We see that the best performing model is the mixed model that benefits both from the metadata and the subjects. 53% could appear as a bad score. However, this classification problem is quite difficult. Indeed, there is a high number of possible destinations and subjects are very short and sometimes do not provide enough information to classify well. Furthermore, the fact that the model only outputs one destination is a strong constraint. A better use of the model would be, for example, to predict the five top destinations and the to calculate the average mean precision score at 5.

Experience with keeping only the questions asked to the 10% top ministries have shown a higher score (74%)

## Final model 
Above is the final model trained on the hole dataset. To generate the most probable destination amongst the top ten, the function predict_most_probable_top_ten_destination can be used.

In [None]:
x_train, tokenizer = get_embedded_subject(question_df)
y_train = preprocess_destinations(question_df)
model_final = generate_mixed_model(tokenizer)
model_final = train([x_train,meta_vector], y_train, model_final)
#to generate prediction from new data : 
#predictions = predict_most_probable_top_ten_destination([x_predict,x_predict_meta], top_ministries, model_final)

Epoch 1/20
Epoch 2/20
Epoch 3/20
Epoch 4/20
Epoch 5/20
Epoch 6/20
Epoch 7/20
Epoch 8/20
Epoch 9/20
Epoch 10/20
Epoch 11/20


# Additional questions : 
4. It is difficult to list the drawbacks of my prototype since I don't see a real use case for the model. Indeed the only use case I see would be to provide a suggestion list in the destination section of a parliamentarian mailbox. In that case, oral question should surely be removed from the dataset. Furthermore, I cannot see any reason to predict destination only in the top 10%.
On the algorithmic point of view, the model is not perfectly optimized. Hyperparameter optimisation should be run and other model should be compared as well. 

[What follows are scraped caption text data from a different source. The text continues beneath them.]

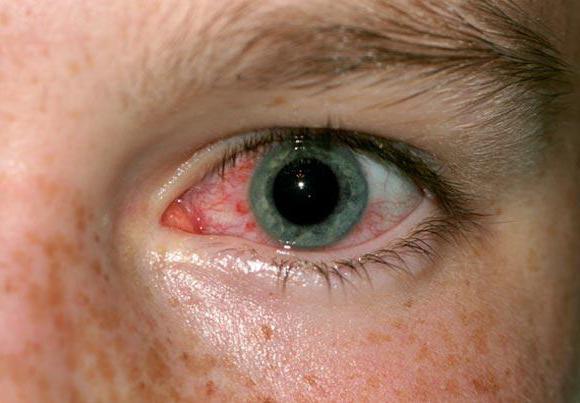 внешний вид демодекоза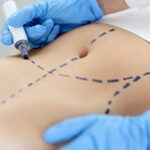What to Expect From Mini Abdominoplasty Surgery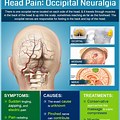 Occipital Neuralgia Headache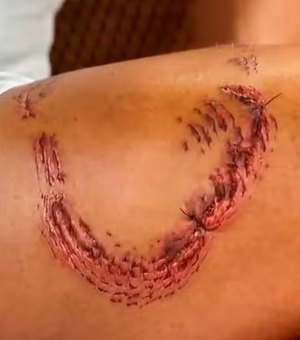 Turista mostra perna com marcas de mordida de tubarão em Noronha e fala sobre dor
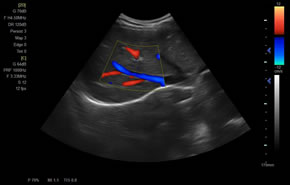 XF-7800彩色多普勒超聲診斷儀成像展示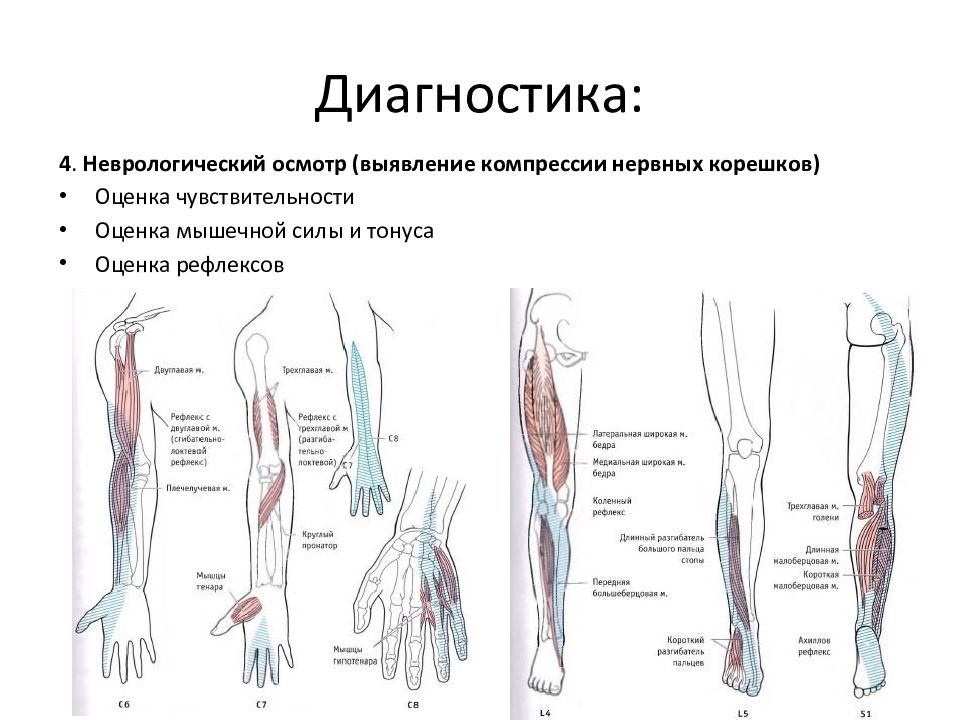 Дорсопатия неврология презентация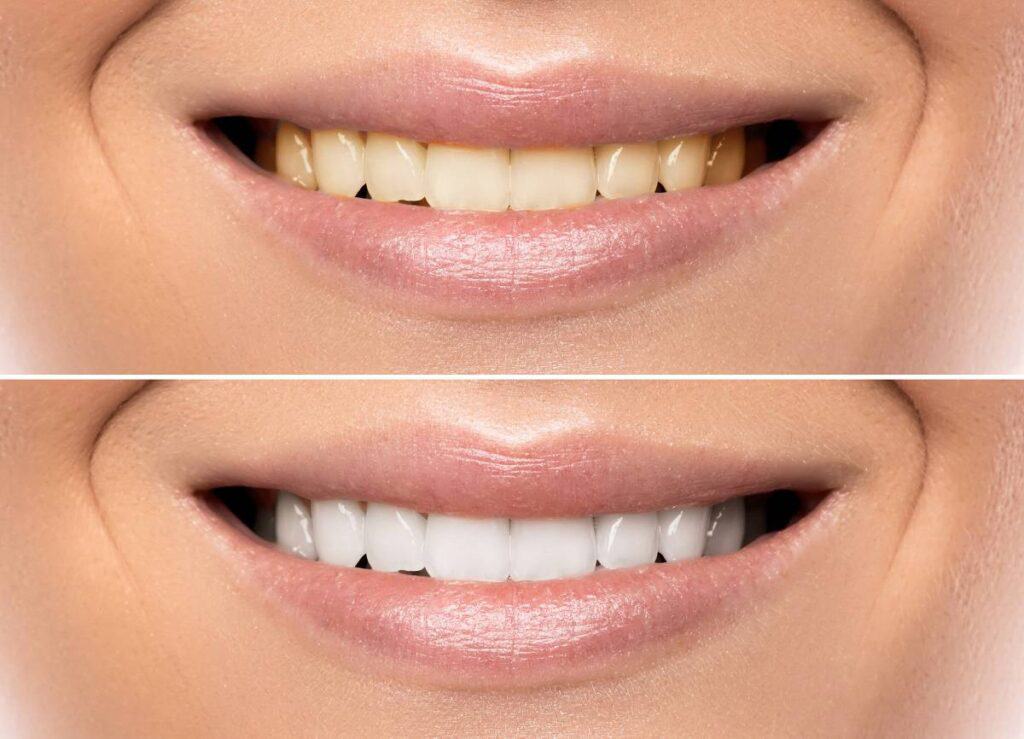 How Can You Protect Your White Smile as a Coffee Lover Salford?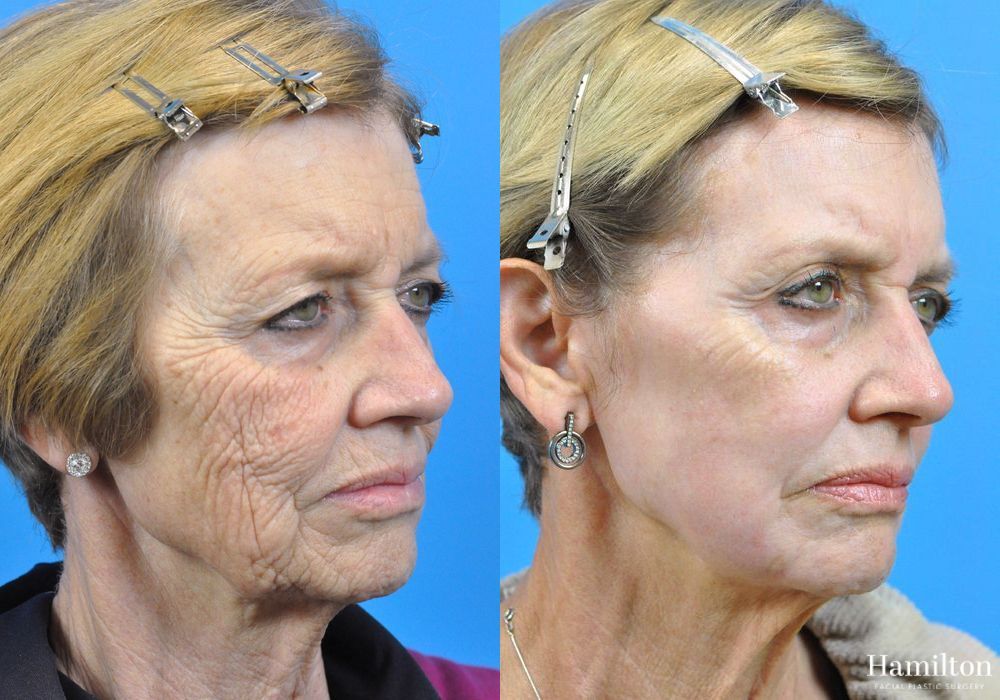 Before and after Laser - CO2 case 37170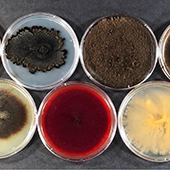 petri dishes with samples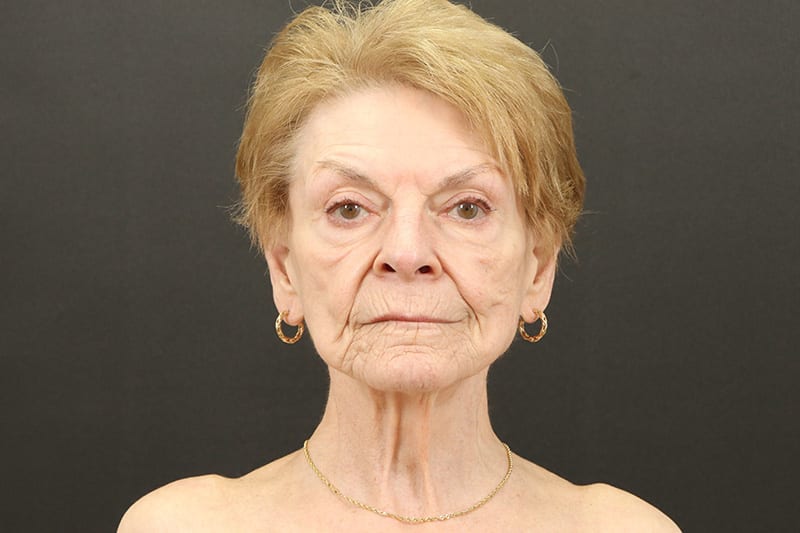 Neck Lift Before & After Image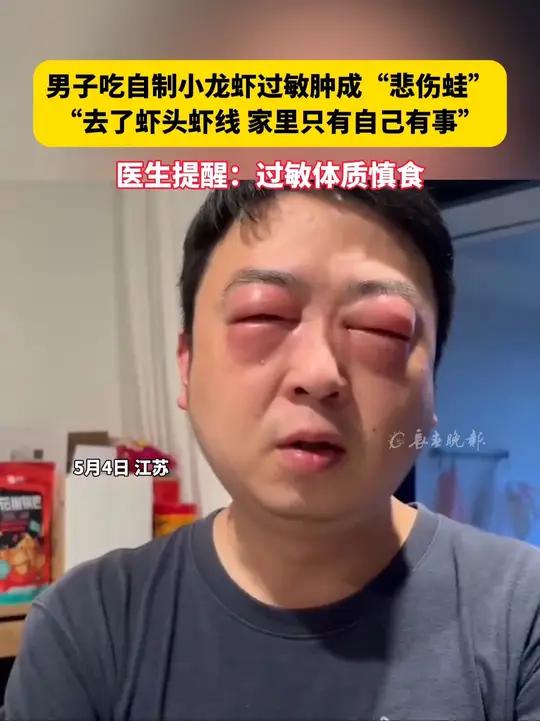 男子吃自制小龙虾过敏肿成“悲伤蛙”“去了虾头虾线 家里只有自己有事” 医生提醒:过敏体质慎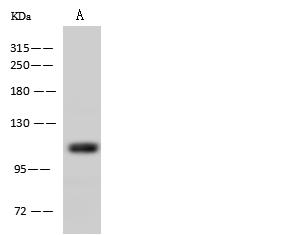 AARS Antibody - Anti-AARS rabbit polyclonal antibody at 1:500 dilution. Lane A: K562 Whole Cell Lysate. Lysates/proteins at 30 ug per lane. Secondary: Goat Anti-Rabbit IgG (H+L)/HRP at 1/10000 dilution. Developed using the ECL technique. Performed under reducing conditions. Predicted band size: 107 kDa. Observed band size: 107 kDa.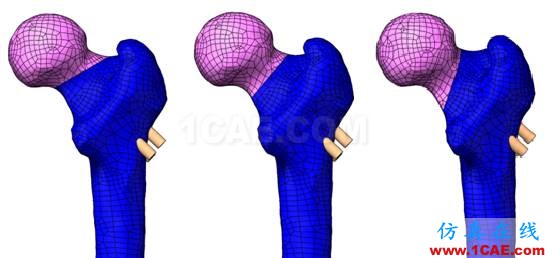 “倒品字”與“品字”空心釘不同Pauwels分型骨折的生物力學(xué)性能研討ansys仿真分析圖片3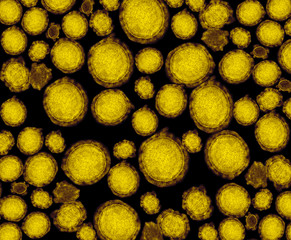 detail of ultraestructure of deadly coronavirus particles under transmission electron microscopy...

5. There is a lot of thinking lacking for the solution to become part of a production environment. Amongst them: a proper data acquisition and preprossing pipeline, allowing to fetch new data on a daily base, an online learning scheme allowing to retrain the model periodically with the new data acquired,...

6. If I think in term of the use case described above, there are some things to I would do to get better performance. First, I would delete all oral questions from the dataset (removing the attribute qp-type from the metadata in the same time). I would then retrain the model and allow him to predict a fixed number of destinations (to provide more than one suggestion to the user). I would find better hyperparameters combinations as well. In the context of a user mailbox, I would investigate some ways to use the historical data of the user to improve the prediction quality.

7. I took 6h to write the code and 1h to comment it.